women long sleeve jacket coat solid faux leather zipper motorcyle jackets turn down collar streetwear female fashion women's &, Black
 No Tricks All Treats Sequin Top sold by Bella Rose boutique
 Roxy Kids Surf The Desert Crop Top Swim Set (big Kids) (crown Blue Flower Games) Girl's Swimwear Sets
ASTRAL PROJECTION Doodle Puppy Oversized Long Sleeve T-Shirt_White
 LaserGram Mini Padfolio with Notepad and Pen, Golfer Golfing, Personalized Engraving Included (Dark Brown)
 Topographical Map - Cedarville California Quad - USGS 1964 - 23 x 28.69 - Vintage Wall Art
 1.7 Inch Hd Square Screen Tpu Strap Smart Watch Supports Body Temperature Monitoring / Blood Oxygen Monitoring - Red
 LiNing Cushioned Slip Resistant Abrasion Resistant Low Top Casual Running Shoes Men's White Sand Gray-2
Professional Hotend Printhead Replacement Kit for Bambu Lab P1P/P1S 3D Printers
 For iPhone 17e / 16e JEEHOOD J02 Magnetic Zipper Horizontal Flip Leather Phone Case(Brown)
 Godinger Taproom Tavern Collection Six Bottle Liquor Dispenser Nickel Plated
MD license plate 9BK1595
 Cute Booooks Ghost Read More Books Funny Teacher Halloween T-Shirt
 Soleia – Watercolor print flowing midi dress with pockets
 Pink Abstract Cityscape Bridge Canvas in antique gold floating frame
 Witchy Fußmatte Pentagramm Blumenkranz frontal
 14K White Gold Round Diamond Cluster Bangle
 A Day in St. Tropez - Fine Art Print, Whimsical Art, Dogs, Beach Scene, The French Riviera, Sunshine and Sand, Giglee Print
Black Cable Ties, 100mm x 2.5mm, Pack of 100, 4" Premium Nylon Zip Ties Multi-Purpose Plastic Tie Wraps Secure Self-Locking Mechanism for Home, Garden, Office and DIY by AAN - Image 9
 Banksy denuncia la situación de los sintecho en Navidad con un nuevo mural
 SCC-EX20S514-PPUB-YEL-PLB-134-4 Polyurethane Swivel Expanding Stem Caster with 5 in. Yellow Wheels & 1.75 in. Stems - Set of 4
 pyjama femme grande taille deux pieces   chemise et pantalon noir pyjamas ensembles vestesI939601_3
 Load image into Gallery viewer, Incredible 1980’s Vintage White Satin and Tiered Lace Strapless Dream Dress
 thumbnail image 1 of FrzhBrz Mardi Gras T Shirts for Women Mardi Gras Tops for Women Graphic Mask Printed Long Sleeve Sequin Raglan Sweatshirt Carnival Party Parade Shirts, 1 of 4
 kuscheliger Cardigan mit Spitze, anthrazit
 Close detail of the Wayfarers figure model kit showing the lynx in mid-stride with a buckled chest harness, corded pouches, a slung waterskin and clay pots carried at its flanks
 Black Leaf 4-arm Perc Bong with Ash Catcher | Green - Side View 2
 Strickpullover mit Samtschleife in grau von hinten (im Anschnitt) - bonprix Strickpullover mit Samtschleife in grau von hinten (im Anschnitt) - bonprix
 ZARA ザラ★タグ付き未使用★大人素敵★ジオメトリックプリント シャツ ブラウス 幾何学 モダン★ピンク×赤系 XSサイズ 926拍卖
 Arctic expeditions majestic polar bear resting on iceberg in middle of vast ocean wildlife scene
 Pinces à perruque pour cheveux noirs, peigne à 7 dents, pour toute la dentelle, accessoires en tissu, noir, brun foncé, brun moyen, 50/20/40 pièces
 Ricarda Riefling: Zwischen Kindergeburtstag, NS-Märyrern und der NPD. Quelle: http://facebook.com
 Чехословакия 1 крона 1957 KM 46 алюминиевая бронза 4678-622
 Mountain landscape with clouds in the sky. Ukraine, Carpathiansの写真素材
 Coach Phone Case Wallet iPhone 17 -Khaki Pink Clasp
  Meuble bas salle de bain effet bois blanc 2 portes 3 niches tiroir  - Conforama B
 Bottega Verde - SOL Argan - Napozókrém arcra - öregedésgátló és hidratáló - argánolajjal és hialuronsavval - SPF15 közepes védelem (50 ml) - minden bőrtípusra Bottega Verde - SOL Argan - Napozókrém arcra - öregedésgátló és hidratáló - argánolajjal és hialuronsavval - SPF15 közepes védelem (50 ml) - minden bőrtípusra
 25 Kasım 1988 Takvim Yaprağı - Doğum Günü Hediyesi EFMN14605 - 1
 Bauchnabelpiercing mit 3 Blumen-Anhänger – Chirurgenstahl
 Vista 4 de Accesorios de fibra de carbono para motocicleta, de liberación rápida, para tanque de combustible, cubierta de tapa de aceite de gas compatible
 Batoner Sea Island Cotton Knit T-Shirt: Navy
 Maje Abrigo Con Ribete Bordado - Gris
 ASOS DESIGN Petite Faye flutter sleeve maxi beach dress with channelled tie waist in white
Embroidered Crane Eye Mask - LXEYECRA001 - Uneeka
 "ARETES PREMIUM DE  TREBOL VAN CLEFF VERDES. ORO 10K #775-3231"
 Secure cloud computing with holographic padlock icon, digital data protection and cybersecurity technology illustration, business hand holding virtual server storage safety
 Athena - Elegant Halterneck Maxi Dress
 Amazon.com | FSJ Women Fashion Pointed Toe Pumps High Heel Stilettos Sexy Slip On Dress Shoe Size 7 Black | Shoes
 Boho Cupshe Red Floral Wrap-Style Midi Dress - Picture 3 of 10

┄┄┄┄┄┄

** What to produce **
Take the listing above and repeat exactly the lines from the one containing "Black Leaf 4-arm" through the one containing "ZARA ザラ★タグ付き未使用★大人素敵★ジオメトリックプリント シャツ", both included.

** Your response **
 Black Leaf 4-arm Perc Bong with Ash Catcher | Green - Side View 2
 Strickpullover mit Samtschleife in grau von hinten (im Anschnitt) - bonprix Strickpullover mit Samtschleife in grau von hinten (im Anschnitt) - bonprix
 ZARA ザラ★タグ付き未使用★大人素敵★ジオメトリックプリント シャツ ブラウス 幾何学 モダン★ピンク×赤系 XSサイズ 926拍卖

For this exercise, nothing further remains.